Responsabilizarse del bebé había sido un gran paso. Querían tener hijos, pero no tan pronto. Katrine quería hacer las cosas en el orden correcto. Habían pensado vender el apartamento y comprarse una casa en las afueras de la ciudad antes de tener descendencia.
Recordó las horas que habían pasado sentados en la cocina, hablando en voz baja de Livia.
—¿Qué podemos hacer? —había dicho Katrine.
—Me encantaría cuidar de ella —había respondido Joakim—. Aunque no estoy seguro de que sea el momento perfecto.
—No es perfecto —había replicado su mujer, irritada—. Al contrario. Pero es el momento en el que nos encontramos.
Finalmente, se decidieron por Livia. Compraron también la casa y tres años más tarde Katrine se quedó embarazada.

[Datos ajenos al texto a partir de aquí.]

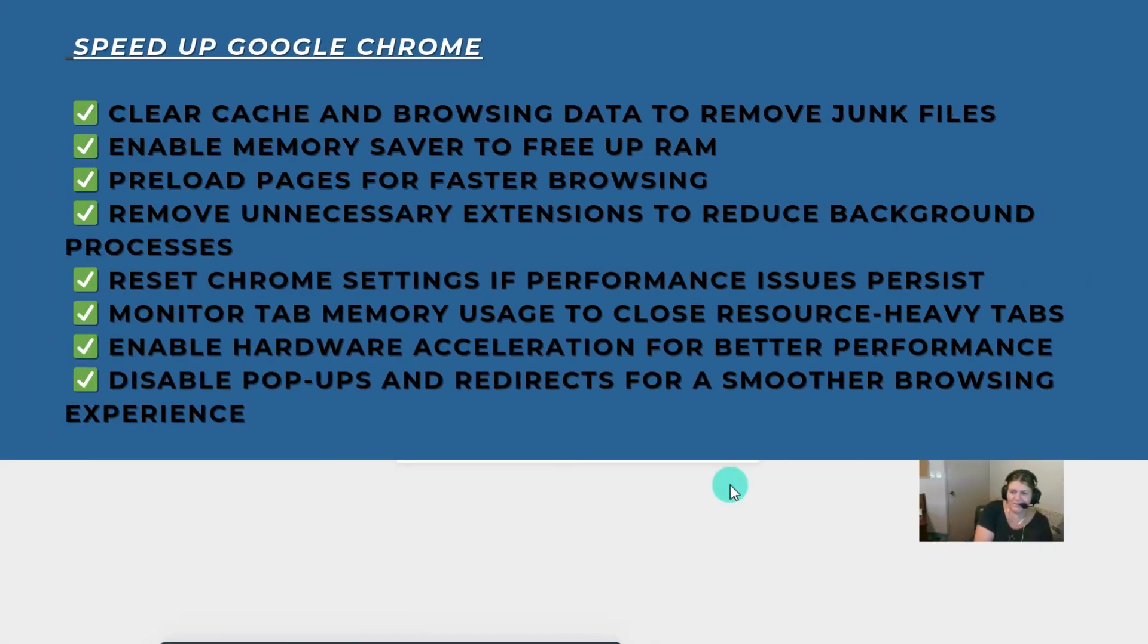Hi guys, my name is Mitz and I'm going to show you a few ways to speed up Google Chrome.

Gabriel fue planeado, a diferencia de su hermana.
Y justo como Joakim había pronosticado, le encantó ver crecer a su hija. Le gustaba su voz clara, su energía y su curiosidad.
«Katrine».
¿Cómo se sentiría ahora? En su cabeza lo había llamado; él la había oído.
Cambió de marcha y pisó el acelerador. Con el remolque detrás, el coche no podía mantener la velocidad máxima, pero casi.
Lo más importante era llegar cuanto antes a la finca, a Öland; a casa, con su mujer y su hijo. Necesitaban estar juntos.
El claro rostro de Katrine flotaba en la oscuridad frente al coche. La podía ver.